Não pode pegar nada do amiguinho sem pedir – exceto em Brasília


(Vista da Penitenciária Feminina da Capital, em São Paulo
- crédito Marlene Bergamo)
Se você nasceu em uma família que procura seguir as regras para se viver em uma sociedade, muito provavelmente, deve ter ouvido de um pai, de uma mãe que você não pode pegar o lápis do amiguinho de classe sem pedir. Esses adultos também devem ter ensinado o motivo pelo qual não se deve pegar o que não nos pertence, mostrando que é errado e, muitas vezes, se essa criança crescer e continuar a pegar o que não é seu, existirá uma grande chance dela pagar por isso na cadeia.

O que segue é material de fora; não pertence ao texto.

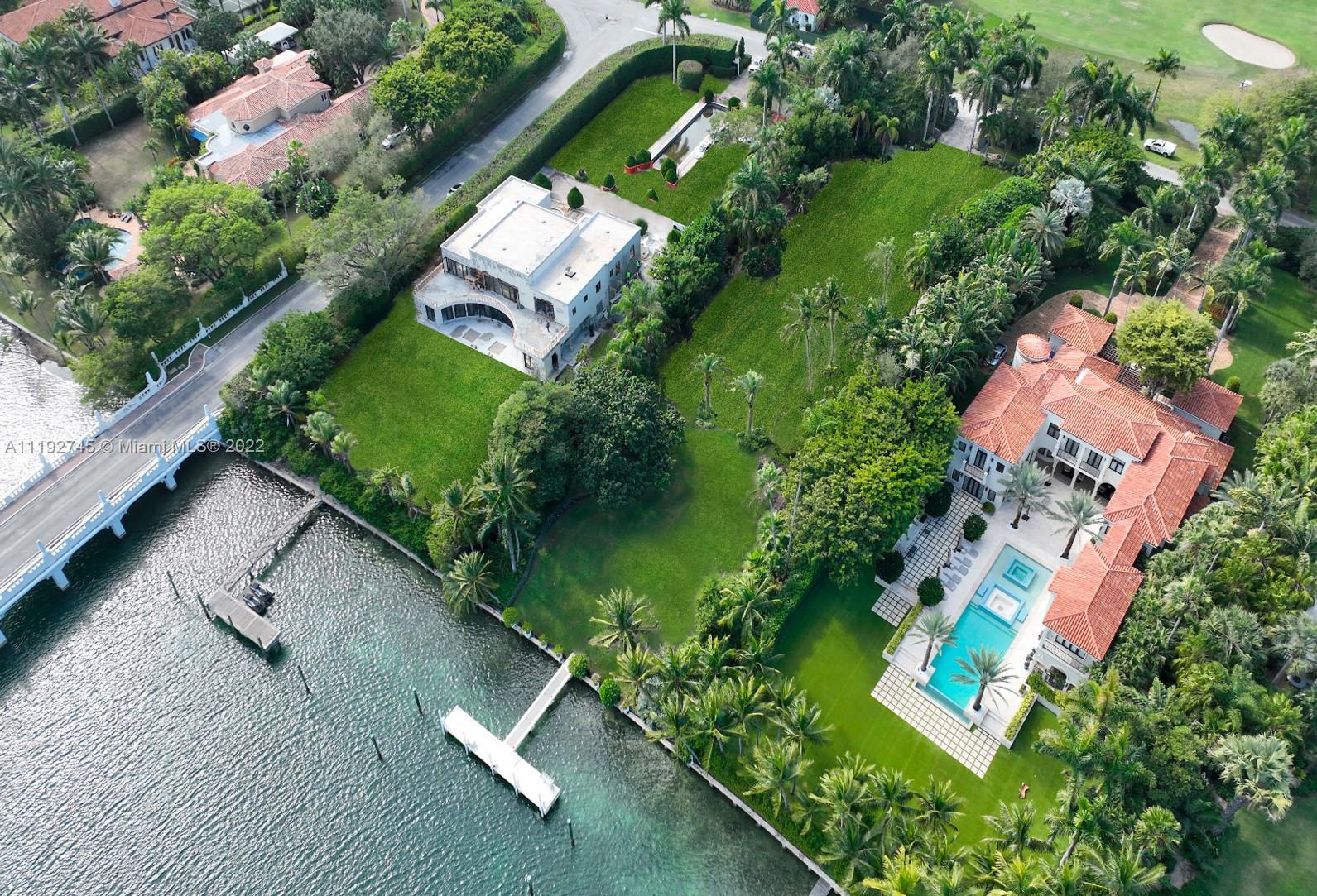 37 Indian Creek Island Rd, Indian Creek, Florida, 33154 for sale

Exceto em Brasília. Exceto ainda se for um dos nossos políticos. Mais exceto ainda, se for rico. Em Prisioneiras, de Drauzio Varella, não há espaço para a exceção. Apenas para a regra. Como diz o ditado popular, a regra é clara, e as nossas cadeias brasileiras estão lotadas de criminosos (não há dúvida disso), mas principalmente, de criminosos pobres.

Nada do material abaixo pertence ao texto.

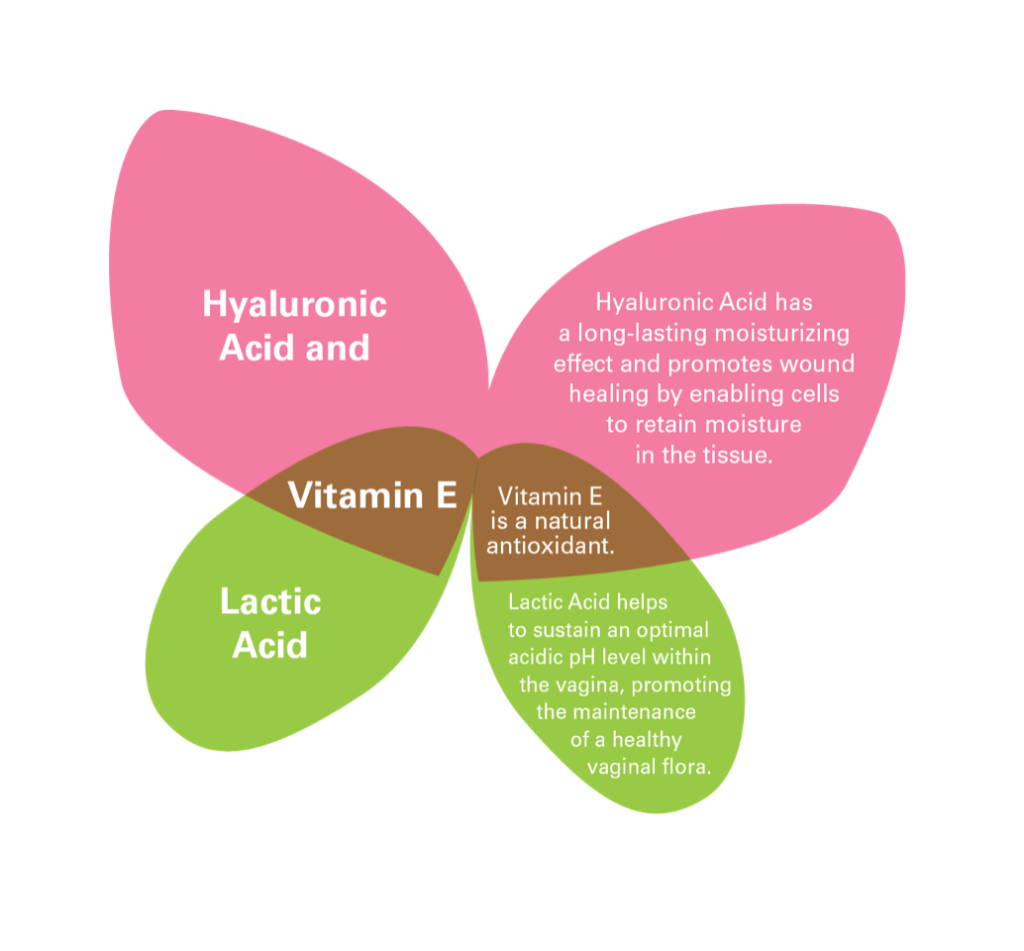Gynatrof Butterfly English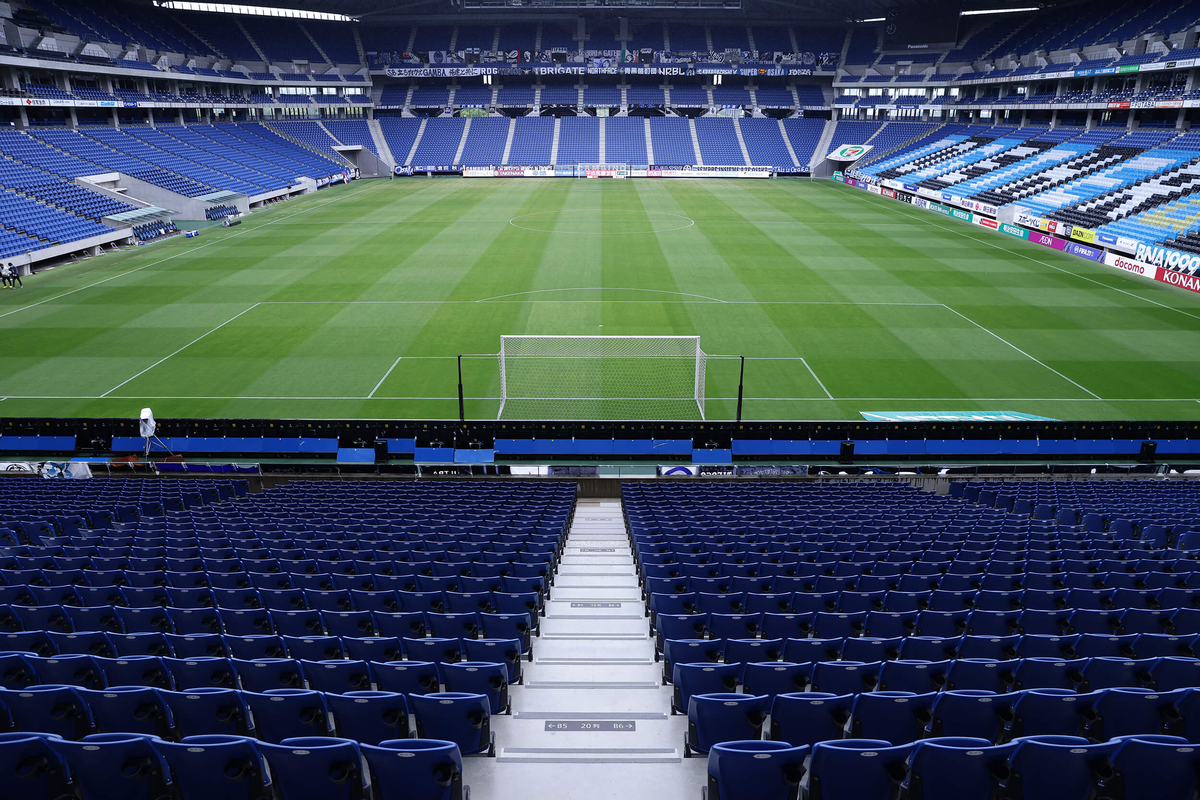 Sengitnya Duel Taktis Gamba Osaka Lawan Cerezo Osaka di Akhir Pekan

Das mais de duas mil mulheres que estão na Penitenciária Feminina da Capital, em São Paulo, a maioria esmagadora veio de uma classe social baixa, com pouquíssimas oportunidades e acesso à informação. Drauzio nos mostra uma realidade cruel em que, se uma mulher presa não tem, pelo menos, um ou dois filhos, provavelmente, é gay ou estéril.

Mas se estamos falando de exceções, ter dois filhos é novamente uma delas. A regra mostra que essas mulheres têm de quatro filhos para mais. As crianças, após a prisão das mães, são deixadas com parentes ou encaminhadas para um orfanato. Isso porque, mais uma vez, a regra é: muitas dessas mulheres são mães solteiras.

Lá dentro – ou até mesmo como motivo pela prisão – essas mulheres são ou se tornam usuárias de drogas (crack, principalmente). E assim como aqui fora, lá dentro elas não só utilizam como se tornam devedoras de traficantes. E cadeia tem regra própria – por mais absurdo que pareça. Divididas em um código de cores, as detentas são marcadas e têm prazos para pagar pela dívida. Vale até pedir recurso para a família e depositar direitinho na conta bancária do fornecedor.

E por falar em família, ao contrário do que ocorre nas penitenciárias masculinas, em que as filas de visitantes são gigantes – formadas na grande maioria por mulheres, mães e filhos –, as femininas são praticamente inexistentes. De acordo com o escritor, os namorados/maridos aparecem no primeiro final de semana e vão diminuindo até nunca mais as visitarem; as mães, muitas vezes, sentem vergonha de ter uma filha na cadeia (o que não ocorre, necessariamente, com os filhos homens).

As cadeias femininas estão lotadas de criminosas – mulheres pobres das periferias, sem instrução e, muito menos, boas oportunidades na vida. Elas vão sair de lá mais pobres e, com certeza, com mais dificuldades ainda de sair desse ciclo de vício, de prostituição para pagar pelo vício, e de, possivelmente, retornar para cumprir mais uma pena. Enquanto que nossos políticos (brancos, ricos e ladrões), mesmo pegando muito mais que um lápis do amiguinho, viverão bem longe dessa realidade, simplesmente porque são a exceção.